In the News: The Artists Behind the Brooklyn Bridge Flag Stunt

••• A Real Deal article on stalled development sites includes 112-114 Chambers: “As the market was heating up in Tribeca in 2008, the city issued permits to a family-owned Chinatown company called Si Jie Mei to add a floor to adjacent, four-story mixed-use buildings at 112-114 Chambers Street, between Church Street and West Broadway. The owner planned to gut the buildings and create eight rental apartments on the second through fifth floors along with retail space on the ground floor.” (It’s in a landmarked district.) Architect Arpad Baksa says that the street construction on Chambers made the work impossible, but now that it’s nearly done, it  might finally happen.

••• Berlin-based artists Mischa Leinkauf and Matthias Wermke claim responsibility for the white-flag stunt on the Brooklyn Bridge. “The flags had nothing to do with terrorism.
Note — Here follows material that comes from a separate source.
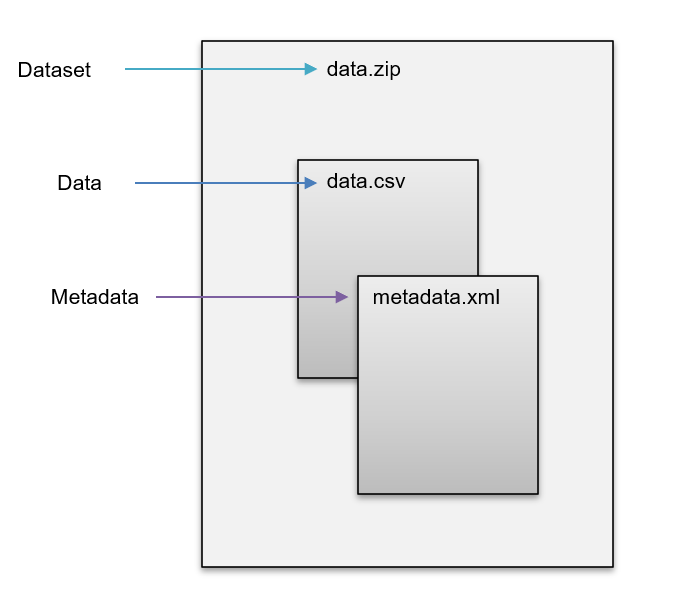 Figure 2: Files of a dataset specified in the Open Data
Format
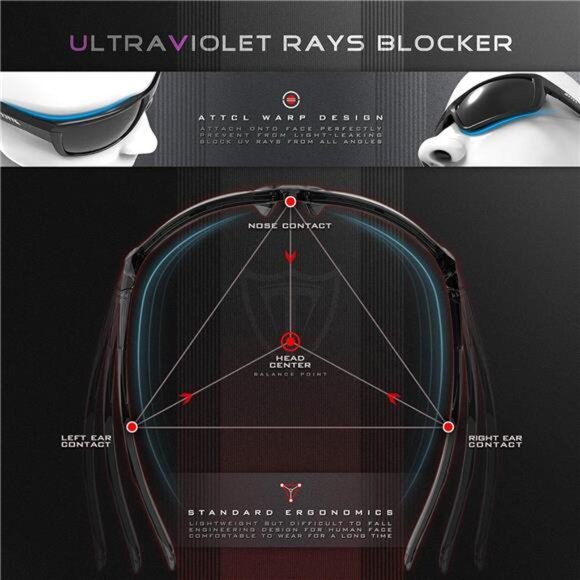 Polarized Wrap Sunglasses For Men - Fishing Sports Glasses UV Protection - Picture 6 of 7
They only wanted to celebrate ‘the beauty of public space’ and the great American bridge whose German-born engineer, John Roebling, died in 1869 on July 22, the day the white flags appeared. […] With the photographs and short videos, the German artists have what looks like credible evidence.” —New York Times

••• Eater reviewer Ryan Sutton likes Bâtard.

 

2 Comments

  1. Re: flags
    Strange tale
    White was a rather interesting choice of color … Don’t you think
    What does the white signify… Death… Surrender….?

    Definitely not celebration… Seems like they are hiding part of what they were trying to say

  2. Yes, seems to me like it is “public space” if it is unprotected, unlocked, unguarded, unsecured, etc. Give them the key to the city for showing us the level of breach of security in our city. Wake up NYC!